_PROVIDED RECORDS_
——

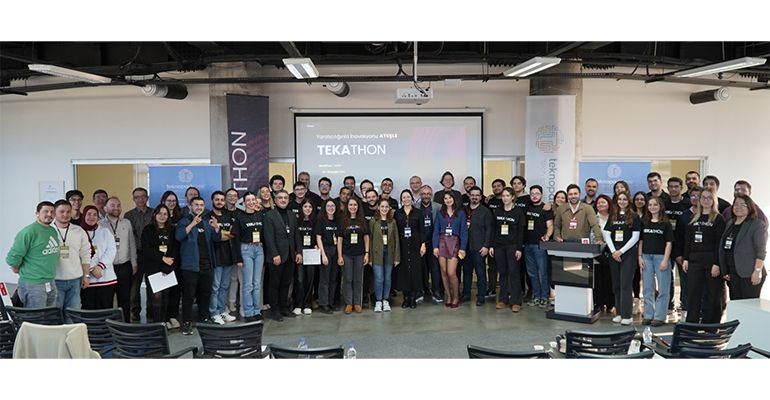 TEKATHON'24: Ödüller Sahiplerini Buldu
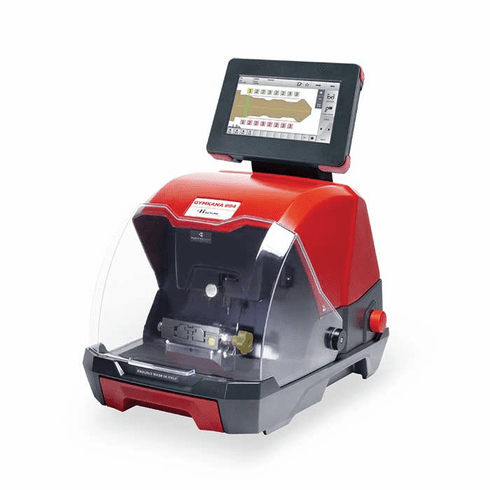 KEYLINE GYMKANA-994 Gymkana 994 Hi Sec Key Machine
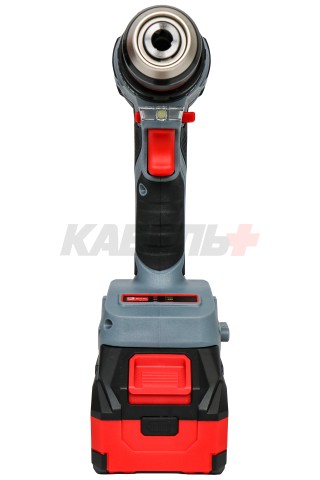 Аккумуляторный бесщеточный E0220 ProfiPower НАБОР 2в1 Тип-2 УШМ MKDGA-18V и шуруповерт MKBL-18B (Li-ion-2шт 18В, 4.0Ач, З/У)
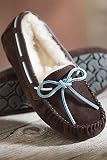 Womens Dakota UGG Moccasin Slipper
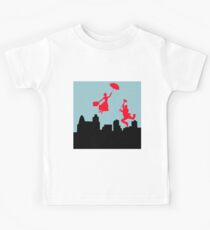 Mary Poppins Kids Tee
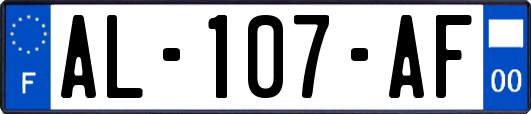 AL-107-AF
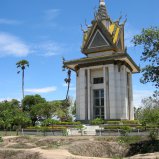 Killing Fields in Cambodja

——

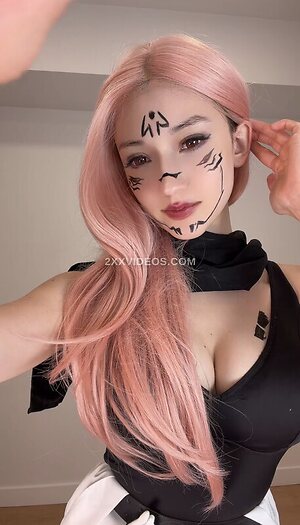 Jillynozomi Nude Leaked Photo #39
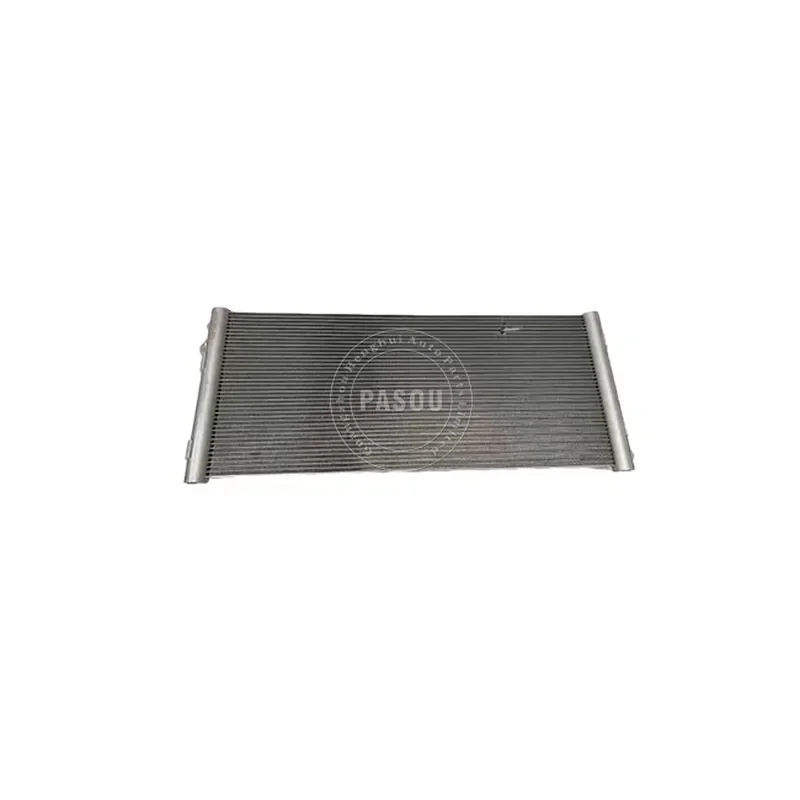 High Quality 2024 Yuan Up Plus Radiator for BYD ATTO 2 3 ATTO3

——

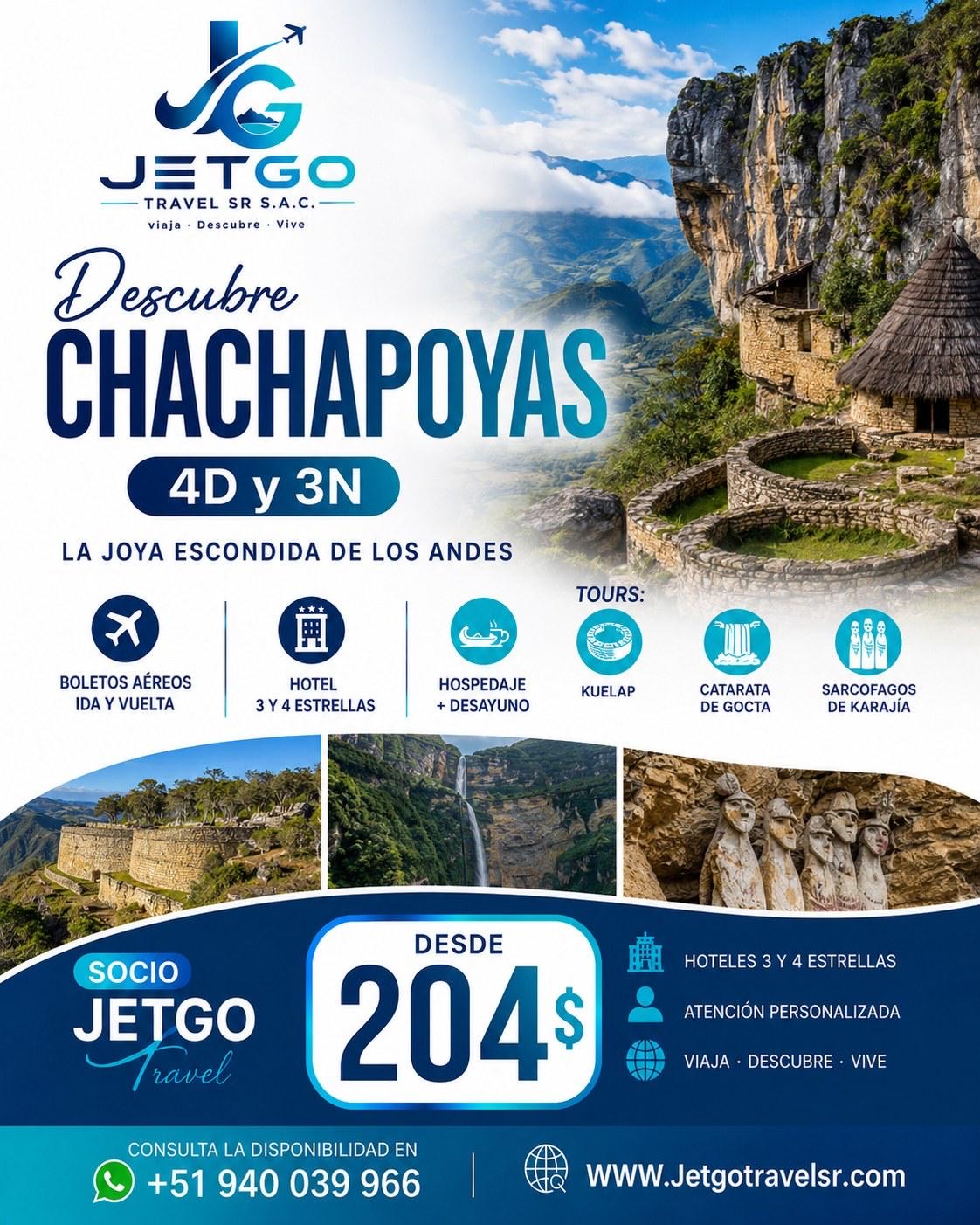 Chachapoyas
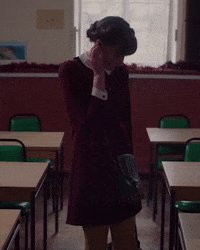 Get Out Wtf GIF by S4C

——

_EXERCISE REQUIREMENTS_
Look above for the line with "TEKATHON'24: Ödüller Sahiplerini Buldu" and copy exactly from it through the line with "Killing Fields in Cambodja", both included. Omit the pictures.

_EXERCISE RESPONSE_
 TEKATHON'24: Ödüller Sahiplerini Buldu
 KEYLINE GYMKANA-994 Gymkana 994 Hi Sec Key Machine
 Аккумуляторный бесщеточный E0220 ProfiPower НАБОР 2в1 Тип-2 УШМ MKDGA-18V и шуруповерт MKBL-18B (Li-ion-2шт 18В, 4.0Ач, З/У)
 Womens Dakota UGG Moccasin Slipper
 Mary Poppins Kids Tee
 AL-107-AF
 Killing Fields in Cambodja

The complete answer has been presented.